I will end with this. If one was ever found with legitimate evidence ppl would lose their minds
We've found some "cryptids" before.
Leeuwenhoek was (I think rightly) initially dismissed when he described animalcules merrily a'squirmin' in his pond water when he looked at in through a microscope. But, presented with their own microscopes and pond water, the Royal Society agreed with his findings. Although it took everybody a lot longer to agree with him that sperm merging with an egg was all that there was to human conception.
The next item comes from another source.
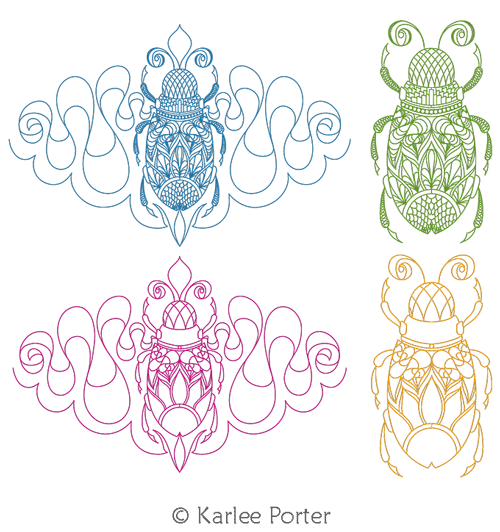 Digital Quilting Design Specimen Beetle 1 Set of 4 by Karlee Porter.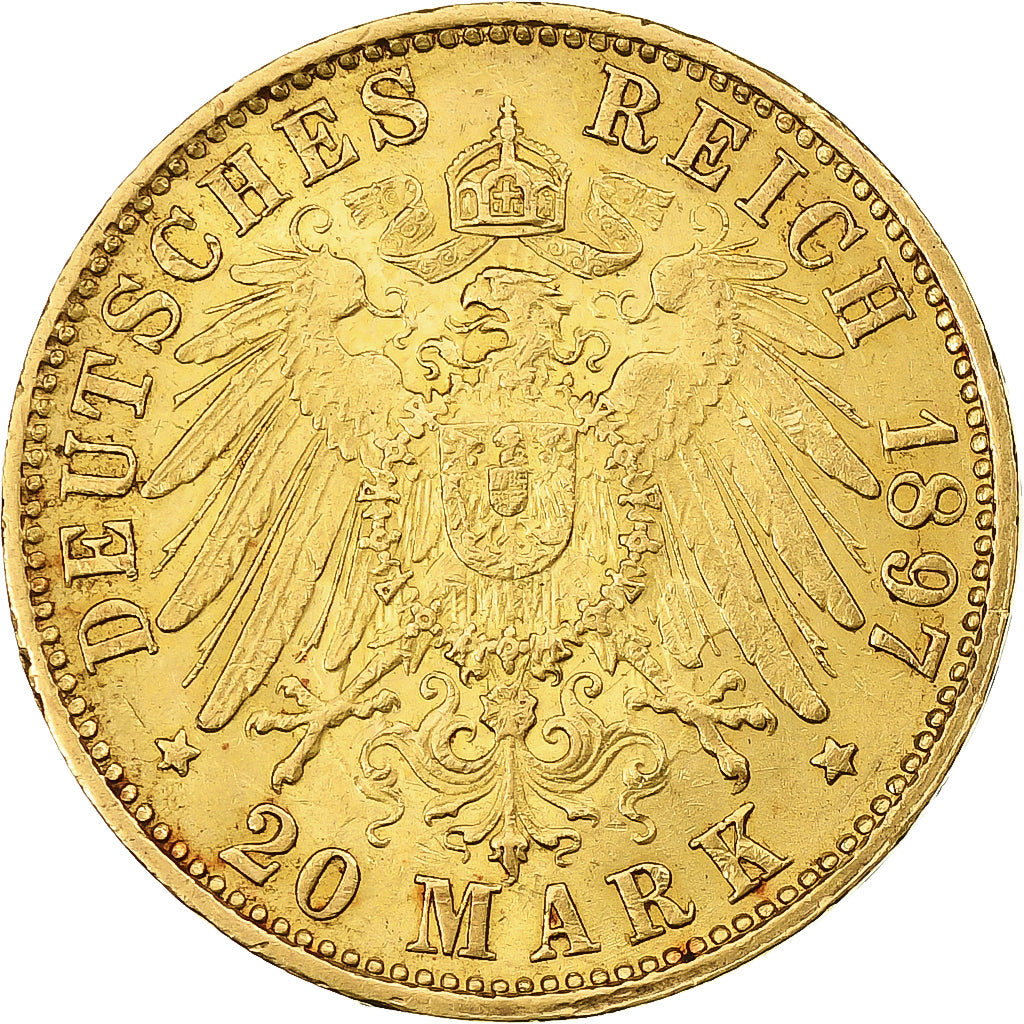 Stati tedeschi, HAMBURG, 20 Mark, 1897, Hamburg, Oro, BB, KM:618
Mountain gorillas weren't "discovered" until 1902. Previously they were dismissed as cryptids. But the scientific community had no problem accepting them.
Similar story with giant squids, but more recently if I remember right.
Like
@NMSbowhunter mentioned, the coelacanth is another example of cryptid made flesh.
Bigfoot will lose all his appeal if he's ever proven real. His fans will ditch him for Mothra, the Thunderbird, and Lizard folk.
There are often mutated humans for example gigantism where the bones in the body continue to grow eventually even outgrowing what the muscle density and internal organs can sufficiently support. Andre the Giant is a well known person who suffered from that disease. There are also mutations that can cause someone to be hairy. I have no reason to believe these genetic defaults wouldn’t have existed when Natives had control of this continent. So I think legends of big foot, Sasquatch or “skunk ape” as it is know in Florida probably stemmed from some people being outcast for mutated genetics. I mean surely somewhere in West Virginia, there was some giant hairy scary tribal men that was banned to the wilderness to help keep the genetics of the tribe heathy. That could easily have led to a legends from tribes or even settlers who might have never encountered someone with those types of genetic diseases. So I believe it’s a myth but I also believe there are small portions of real events that may have triggered those myths- (a little bit of fire, beneath all that smoke- you know how word gets around)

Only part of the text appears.